What other methods can you propose for me to track a computer screen? I’m fine with implementing control measures such as ensuring high contrast between the screen and the background, or a slightly lower frame rate.

find_line_segments() is much better. You can just extend the line segments to be infinite.

Also, you should use a filter on the tracked value and average results.

I used finite line segments before as well, but they seem to split one line or side of my screen into multiple smaller lines. I’ve adjusted the merge angle and merge pixels but it still splits them up. I’ve applied lens correction as well to an arbitrary amount that provides me the straightest lines as well. Sometimes the perpendicular lines don’t exactly join up at the corners, so I’d probably have to extend them to infinity to determine where they meet mathematically.
What do you mean by filter?

I’d just extended them to be infinite to that you can compute where they cross. But, yes, this is harder.

As for filtering, if there’s jitter you just low pass it. However, this will dull the response time.

I somewhat understand low pass filters in the context of signals and frequencies, but how would one apply it to obtaining pixel coordinates of corners on a frame by frame basis?
Another problem with using finite screen lines is that the resolution is kinda stuck at QQVGA, otherwise it’ll run into “out of fast frame buffer stack memory”, whereas I need more resolution because accuracy matters for this application.

I see. Yeah, then filtering is just the final result. You assume it can’t change too quickly over time. So, if the estimate is jittering around you just average the estimate readings.

I’m not sure where you should do this step. Probably best earlier to prevent error growth. So, on the screen, coordinate edges.

The practical implementation of this for example would be to store the average of the past say 10 iterations of all the 4 corners, and average them on their individual x’s and y’s over time assuming the camera cannot make large movements over time?

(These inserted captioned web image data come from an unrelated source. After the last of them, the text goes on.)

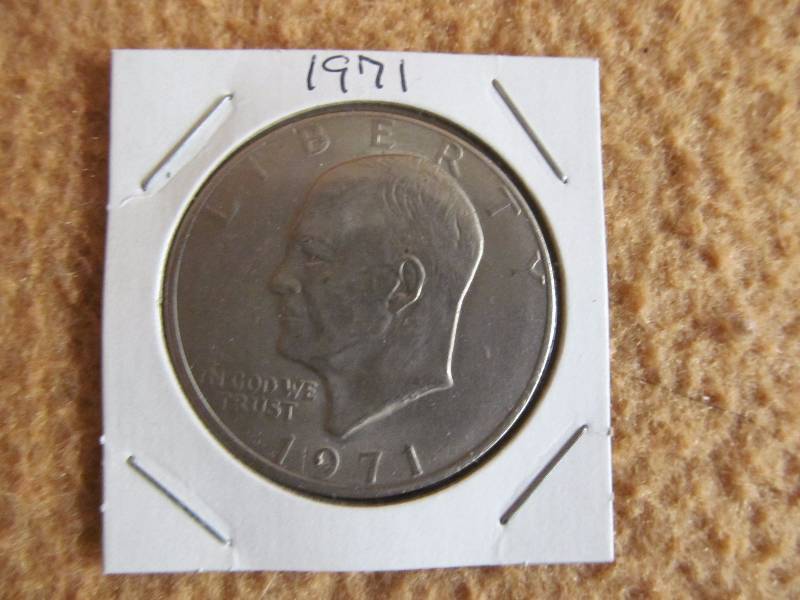 Coins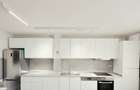Apartament NOU Pipera 2 cam.,parcare subterana inclusa in pret+ terasa - 5
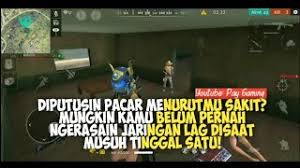 As you know, there are a lot of robots trying to use our generator, so to make sure that our free generator will only be used for players, you need to complete a quick task, register your number, or download a mobile app. Kata Mutiara Free Fire Quotemutiara Quotemutiara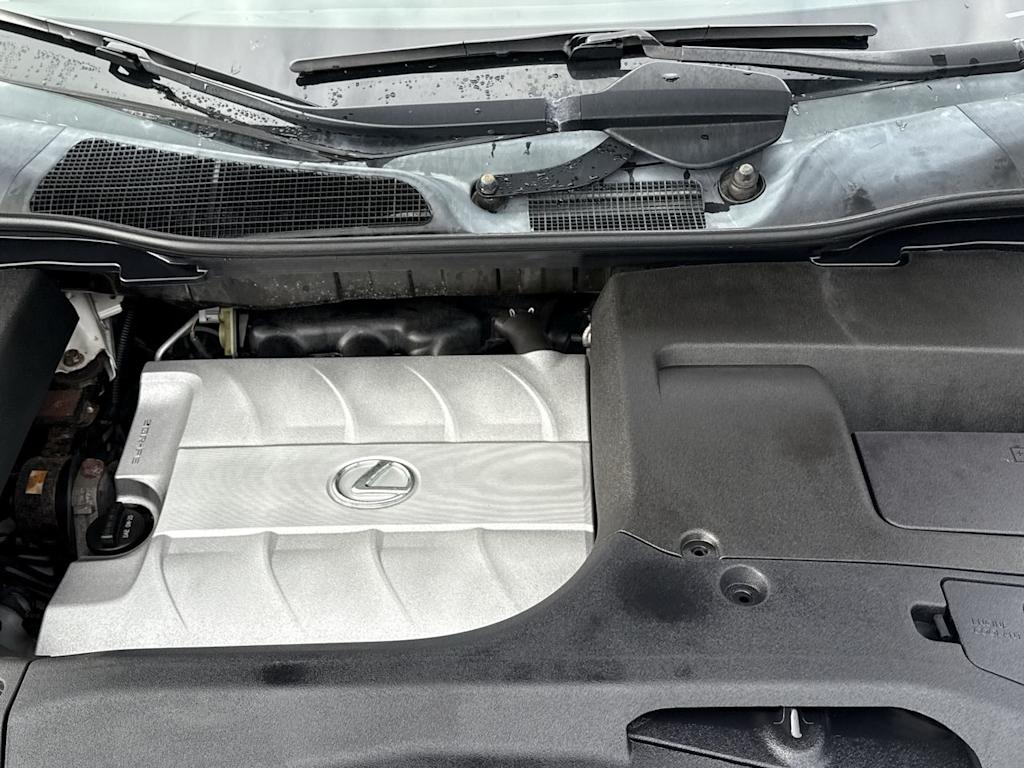 Thumbnail: 2015 Lexus RX - 14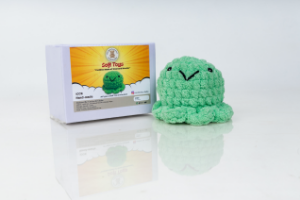 Soft toy 1 Piece Each - Image 5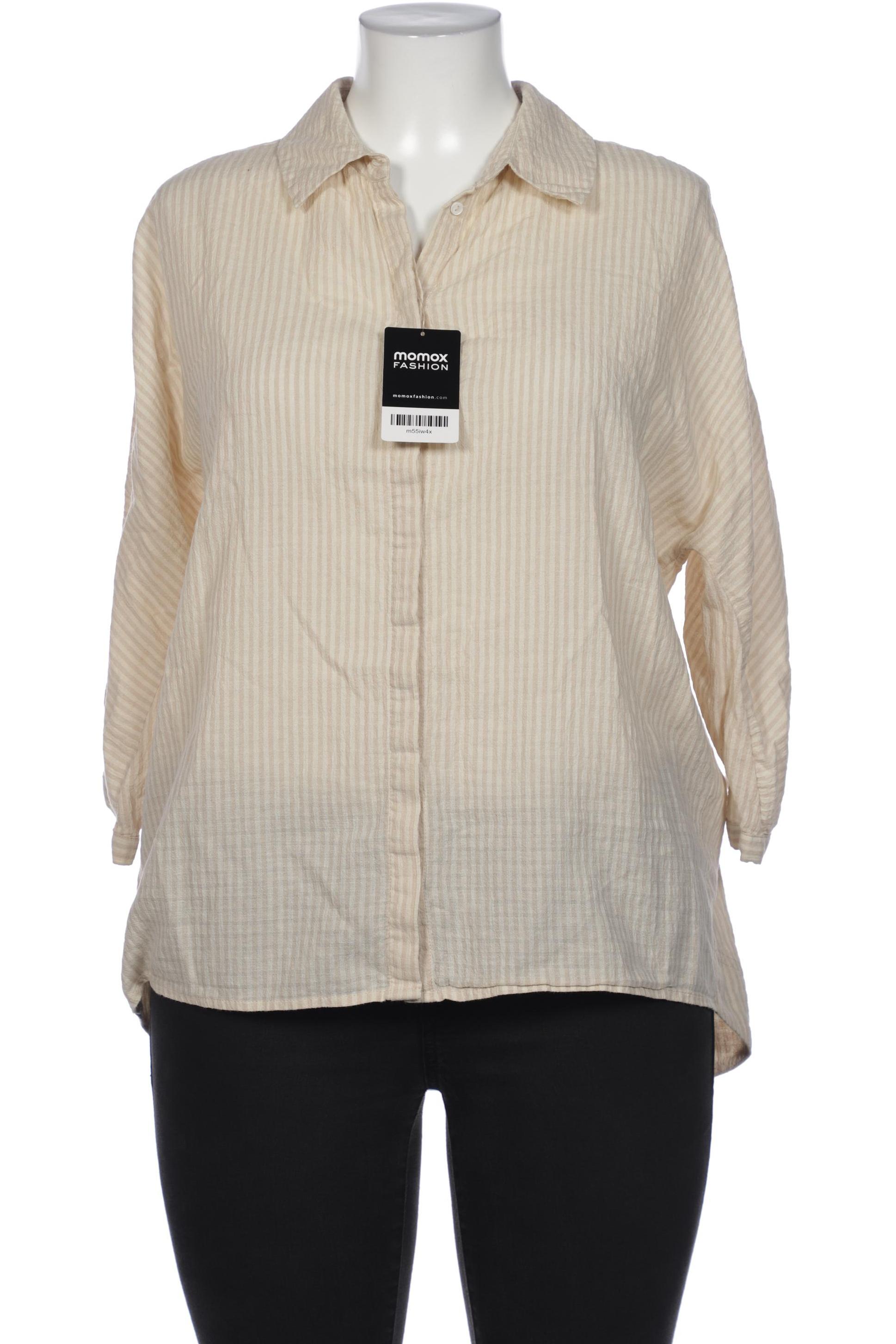 

Opus Damen Bluse, beige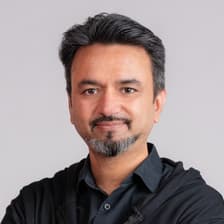 Profile picture for Bhavik Bhatt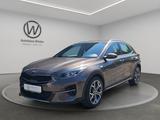 Kia XCeed 1,5 T-GDI Vision Navi LED SHZ Kamera - : Beige, Geländewagen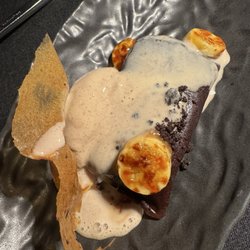 Mezcal - Banana tamal
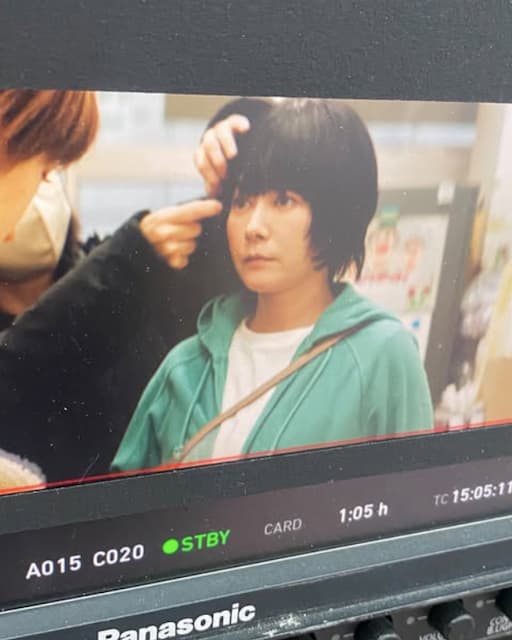 真木よう子、小さな嘘にファンから「かわいい」の声が続出！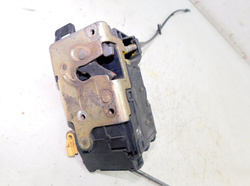 JAGUAR S-TYPE 3.0 03r ZAMEK DRZWI LEWY PRZÓD YW4A-5421813-GB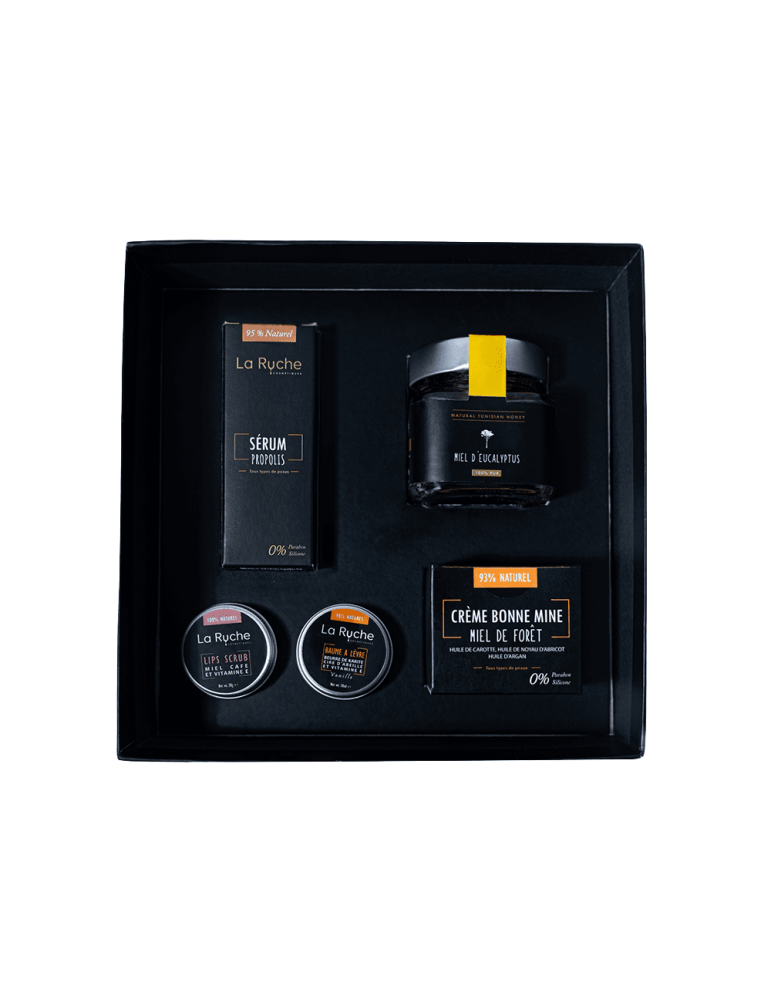 Coffret Premium Coffret Premium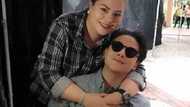 Karla Estrada recalls struggles of being a young mom to baby Daniel Padilla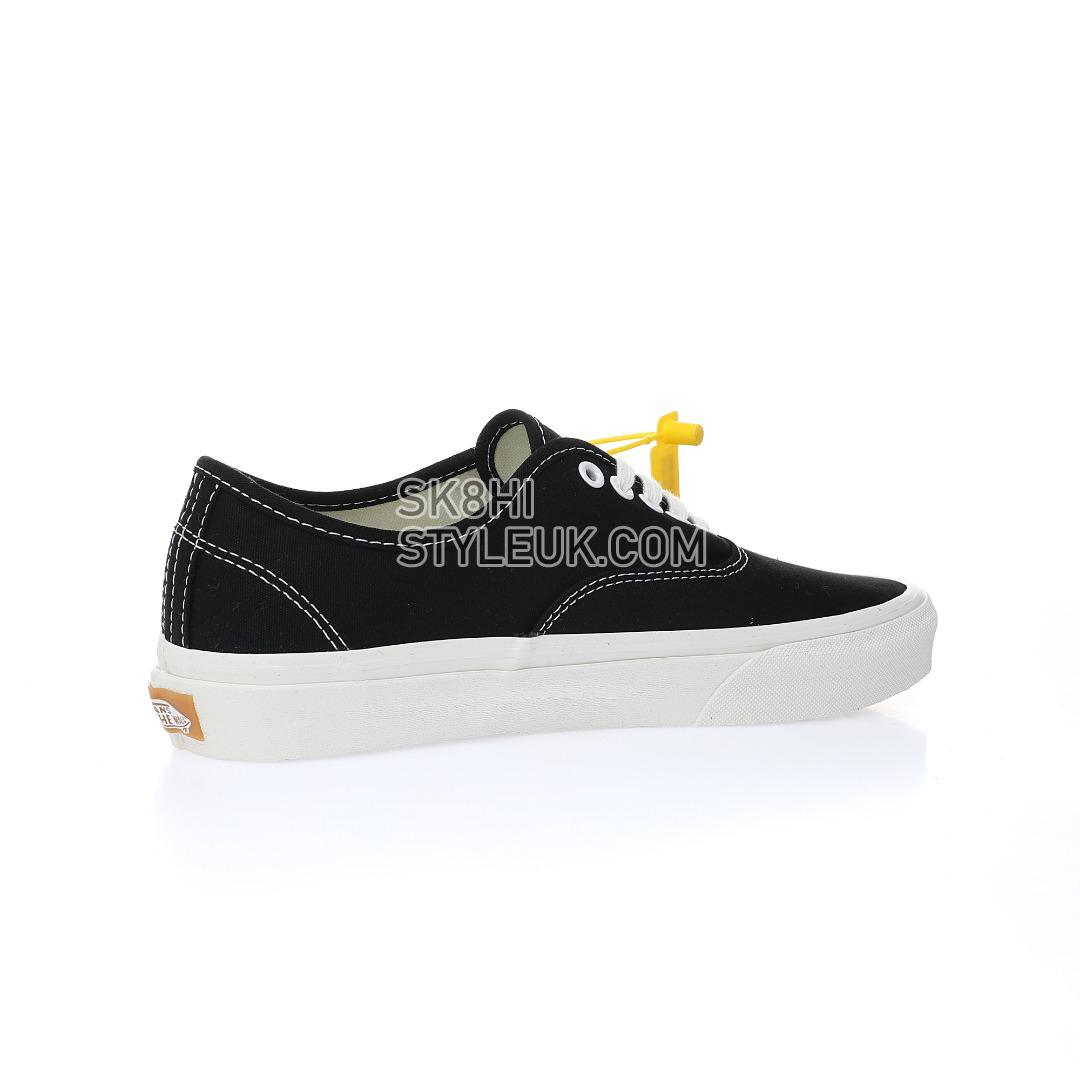 Vans Authentic VR3 Mens Womens - Black/Marshmllw VN0005UD1KP Shoes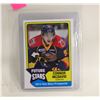 Image 1 : CONNOR MCDAVID 2014 PRE ROOKIE CARD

Yeah, that should work. The trick is how to determine which samples are part of the same group. That will need to be based on a clustering distance metric.

I’ll look into that, thanks! So I take it using hough infinite lines is the best solution for my use case right now?

I guess. It’s the fastest and least memory-intensive method.

1 Like

Hi, I’ve been meaning to ask, when I set the resolution of the camera to say QVGA for example, does it crop or use the sensor’s pixels in the center, or does it use the top left region of pixels? And is there a built in way to estimate the camera’s intrinsics K, similar to the chessboard method on openCV?

Hi,

We use the center of the camera. If it was the top left then you’d notice nothing being centered.

We do not have camera calibration yet implemented. It’s one of my to do list items for ARM this year however.